9. COVENANTS OF PARENT. Parent covenants that it shall perform
its obligations under this Agreement and shall cause the Company to perform
the Company's obligations under this Agreement.
10. INDEMNIFICATION.
(a) The Company agrees to indemnify and hold harmless the
Executive from and against any and all liabilities incurred or sustained by
him in connection with any claim, action, investigation, suit or proceeding
to which he may be made a party by reason of his acts or omissions in
connection with his being or having been an officer, director or employee of
the Company or Parent, to the maximum extent permitted by law. This Section
10 is not intended to limit any rights which the Executive may have under the
Company's or the Parent's By-laws or under applicable law.

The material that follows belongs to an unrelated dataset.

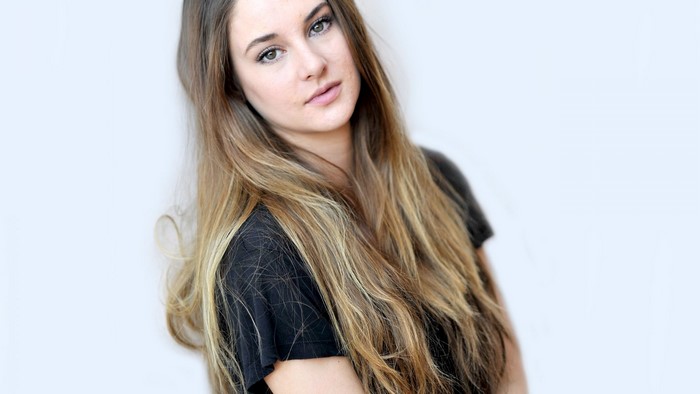 Shailene Woodley portrait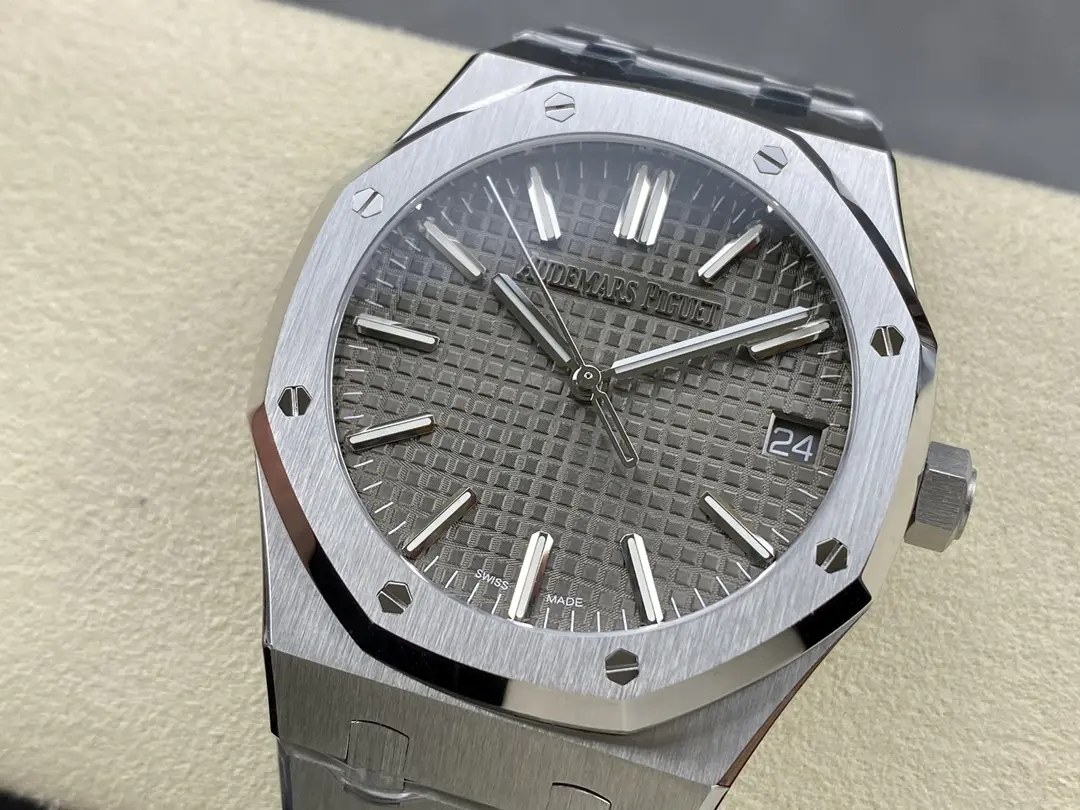 Audemars Piguet ROYAL OAK SELFWINDING "50TH ANNIVERSARY Grey dial 15510ST.OO.1320ST.05 - Image 6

(b) Parent agrees that, in the event that Executive shall be
permitted to include shares of Common Stock owned by Executive (including any
shares of Common Stock which Executive has purchased or is entitled to
purchase pursuant to exercisable stock options) in any registration statement
covering shares of the Common Stock, Parent shall provide indemnification to
Executive on the same terms as provided to other stockholders of the Company
whose shares are included in such registration statement, provided that
Parent shall have no such obligation if Executive shall have declined, or
otherwise failed, to provide (following its presentation to Executive on
reasonable notice) to Parent and any underwriter participating in the
offering relating to such registration statement indemnification on the same
terms as provided to the Company and any such underwriter by the other
stockholders of the Company whose shares are included in such registration
statement.
(c) Parent further agrees that, from and after the Date of
Termination, it shall maintain directors and officers liability insurance and
fiduciary insurance covering Executive for a period of no lesser duration
than, and on terms no less favorable than, those provided by the Company to
any director of Parent on December 31, 1997; provided, however, that the
foregoing obligation shall not require Parent to maintain any particular
level of coverage for Executive or any other present or former director or
officer of Parent, the Company, or any of their affiliates.
9
(d) In the event that Parent (i) consolidates with or merges into
any other person and Parent is not the continuing or surviving corporation or
entity of such consolidation or merger, or (ii) transfers all or
substantially all of its business operations or assets to any other person,
proper provision shall be made so that the successors and assigns of Parent
assume the obligations set forth in this Section.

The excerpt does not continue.